WASHINGTON — Longstanding tensions between organized labor groups and Wal-Mart Stores ratcheted up last week at the kickoff to the holiday shopping season.

As SN went to press last week, Wal-Mart was seeking federal intervention to prevent employee groups from disrupting “Black Friday” sales at its stores, as a result of pickets and strikes threatened by union-backed groups of its own workers. The posture represented an abrupt change for Wal-Mart, which earlier this year publicly dismissed similar protests as “publicity stunts.” Moreover, sources said, it provided a peek into the mindset of the retailer and the labor union determined to organize its workers at the dawn of a second term for president Obama.

In an unusual move for the Bentonville, Ark.-based company, Wal-Mart filed an unfair labor practice charge with the National Labor Relations Board, saying that worker walkouts and demonstrations by the group OURWalmart over recent months amounted to union picketing in excess of the 30-day limit federal law without a petition to join a union.

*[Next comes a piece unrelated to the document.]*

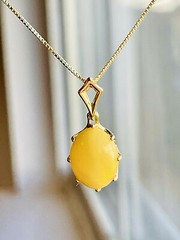 14K Gold Filled Genuine Baltic Amber Necklace Russian Butterscotch Egg Yolk 老琥珀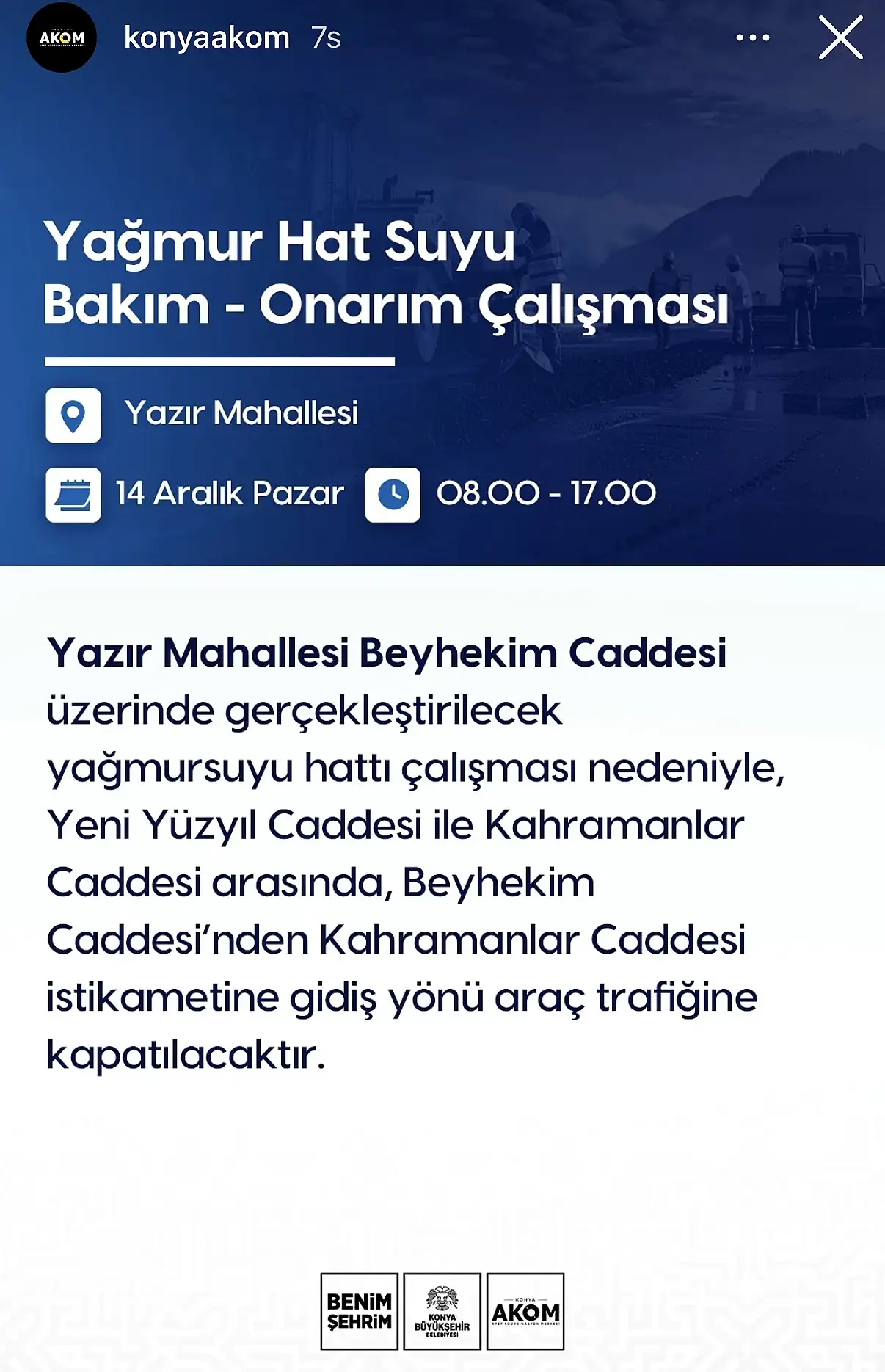 Konya'da Trafik O Caddede 9 Saat Duracak!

This type of charge requires “priority” handling by the NLRB, which last week was scurrying to come to a ruling before courts closed for the Thanksgiving holiday.

The NLRB complaint by Wal-Mart was its first in a decade, the New York Times reported.

While it was unclear early last week what if anything would come of Wal-Mart’s charge, the filing appeared to be an attempt by Wal-Mart to set the boundaries for a battleground where its opponent is energized by having mobilized a small portion of Wal-Mart’s own forces against it, according to Don Schroeder, a Boston attorney who specializes in specializes in employment policy and collective bargaining for Mintz Levin.

“I think principally, Wal-Mart is driving a stake in the ground in an attempt to get the NLRB thinking about putting some limitations upon the unions that have engaged in this ongoing campaign against Wal-Mart,” Schroeder told SN.

Wal-Mart argues that the United Food and Commercial Workers union is behind efforts from employees groups including OURWalmart and Making Change at Wal-Mart, which have called attention to what they consider to be unjust conditions for Wal-Mart workers by staging walkouts beginning in October. Making Change, a coalition led by the UFCW, said there were plans for action at as many as 1,000 Wal-Mart stores leading up to and on Black Friday.